Evaluate the following integrals using the given substitutions.
(a) (3x^2 + 10x)dx/(x^3 + 5x^2 + 18
, substitution u = x3 + 5x2 + 18;
(b)(14x + 4)cos(7x^2 + 4x)dx,substitution u = 7x^2 + 4x.
u = x3 + 5x2 + 18
then
du = 3 x^2 dx + 10 x dx
so in fact we have
u du
integrate u^2/2 + c
so the hard part is squaring
.5 (x^3 + 5 x^2 + 18)^2 + c
(14x + 4)cos(7x^2 + 4x)dx,substitution u = 7x^2 + 4x.
u = 7 x^2 + 4 x
du = 14 x dx + 4 dx = (14x+4)dx
so we have integral of
cos u du
which is
- sin u + c
- sin (7x^2+4x) + c
To evaluate the given integrals using the given substitutions, we'll follow the steps of integration by substitution.
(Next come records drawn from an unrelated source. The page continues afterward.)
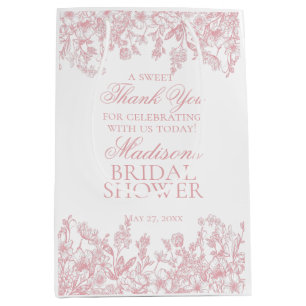 Pink Chinoiserie Vintage Floral Bridal Shower Medium Gift Bag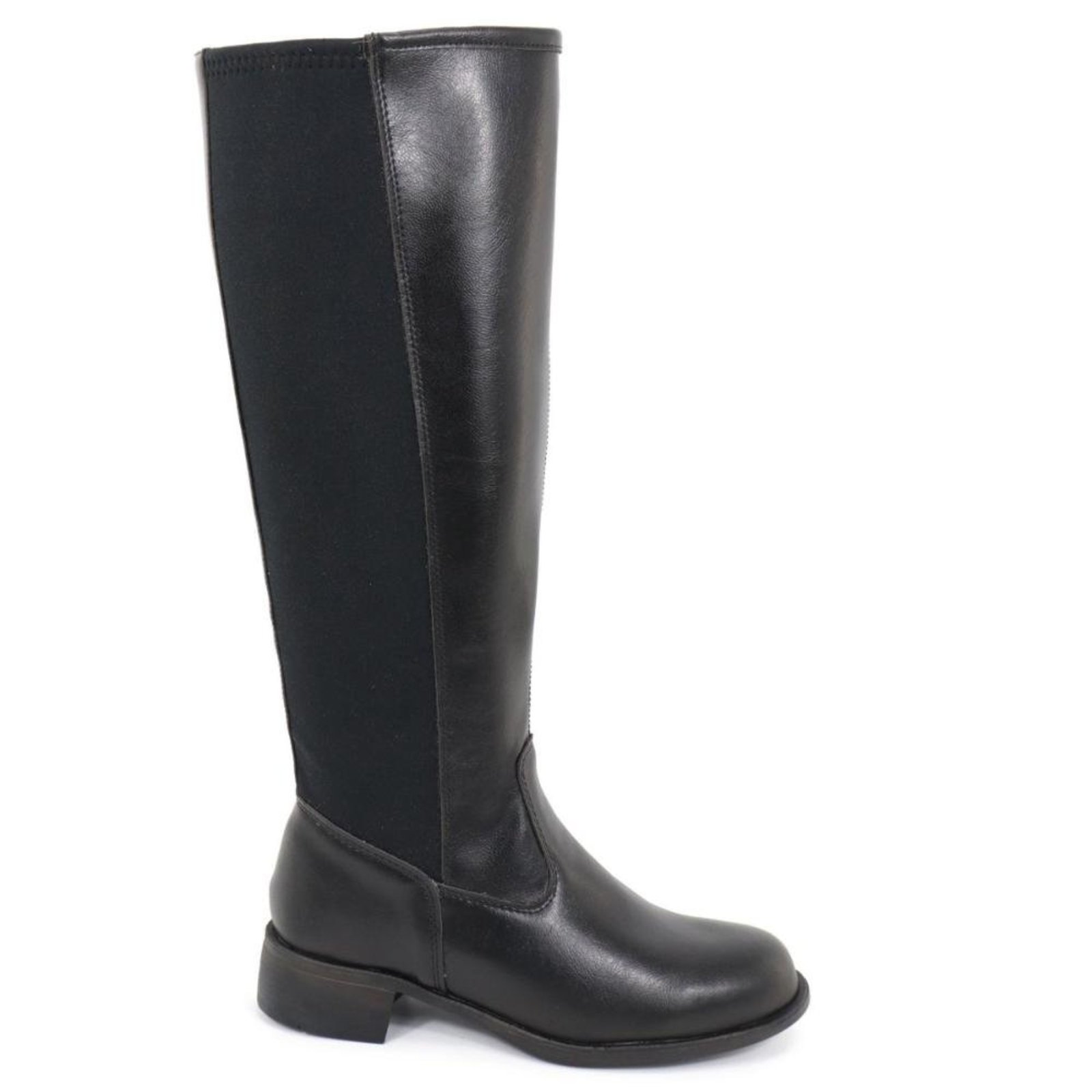 Bota Feminina Montaria Cano Alto Elegante Confortável Marrom 34 Preto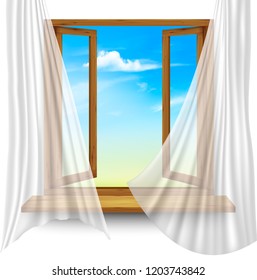 Wooden window frame with curtains on a transparent background. Vector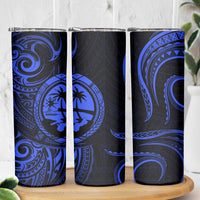 Polynesian Guam Coat of Arms Skinny Tumbler Polynesian Tribal Tattoo Blue Version LT9 - Polynesian Pride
(a) ∫((3x^2 + 10x)dx)/(x^3 + 5x^2 + 18), substitution u = x^3 + 5x^2 + 18:
1. Differentiate u with respect to x to find du/dx:
du/dx = (3x^2 + 10x)
2. Rearrange the differential equation to solve for dx:
du = (3x^2 + 10x)dx
3. Substitute the value of dx with du from the above equation in the original integral:
∫(du)/(u)
4. The integral becomes ∫du/u, which is a known integral:
∫(du)/(u) = ln|u| + C
5. Substitute back the value of u:
ln|x^3 + 5x^2 + 18| + C
Therefore, the solution to the integral is ln|x^3 + 5x^2 + 18| + C.
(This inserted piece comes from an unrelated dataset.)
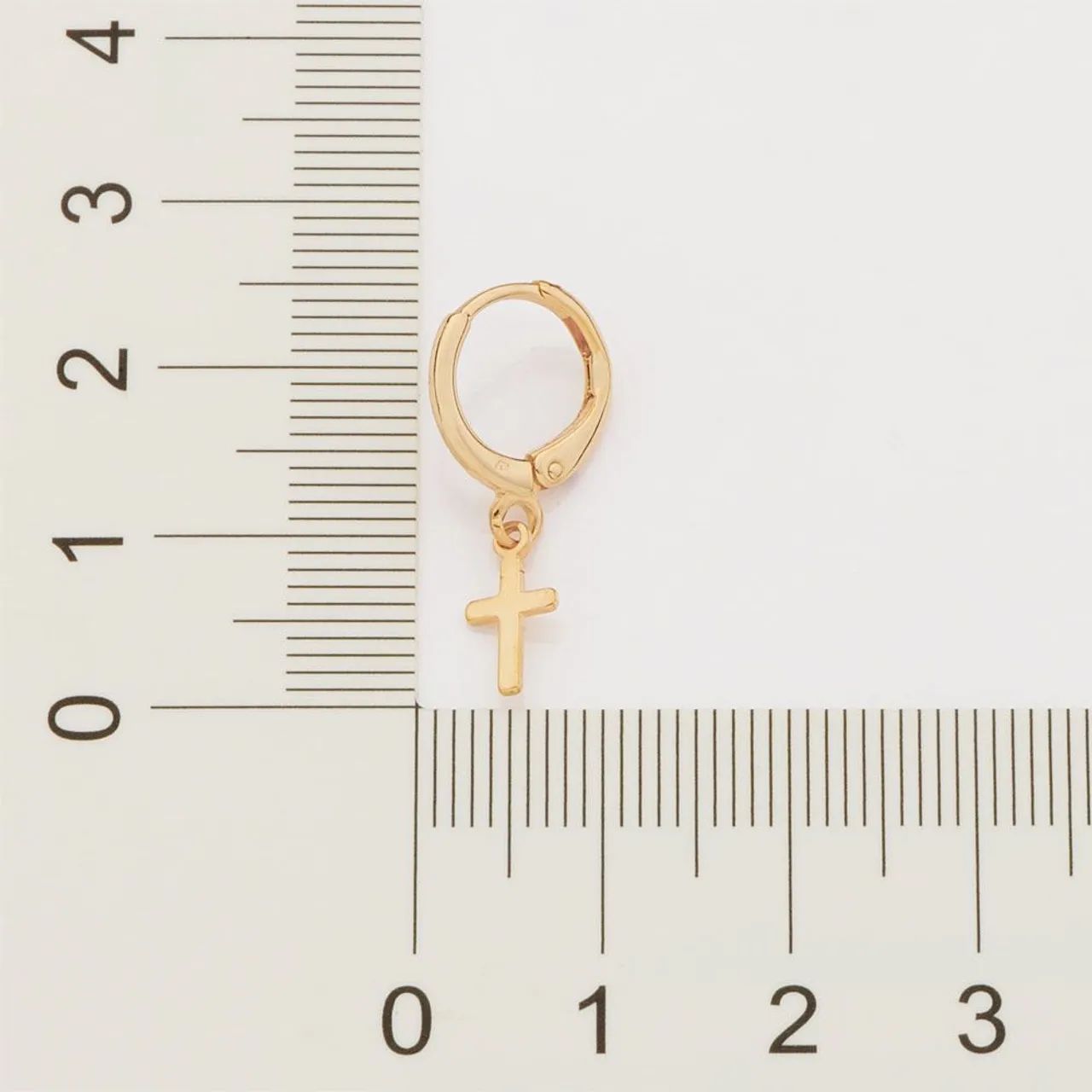 Brinco Meia Argola Cruz Folheado a Ouro 18K - Rommanel - Foto 2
(b) ∫((14x + 4)cos(7x^2 + 4x)dx), substitution u = 7x^2 + 4x:
1. Differentiate u with respect to x to find du/dx:
du/dx = (14x + 4)
2. Rearrange the differential equation to solve for dx:
dx = (du)/(14x + 4)
3. Substitute the value of dx with du/(14x + 4) in the original integral:
∫((14x + 4)cos(7x^2 + 4x))(du)/(14x + 4)
4. Simplify the integral:
∫(cos(u))du
5. The integral of cos(u) is sin(u):
∫(cos(u))du = sin(u) + C
6. Substitute back the value of u:
sin(7x^2 + 4x) + C
Therefore, the solution to the integral is sin(7x^2 + 4x) + C.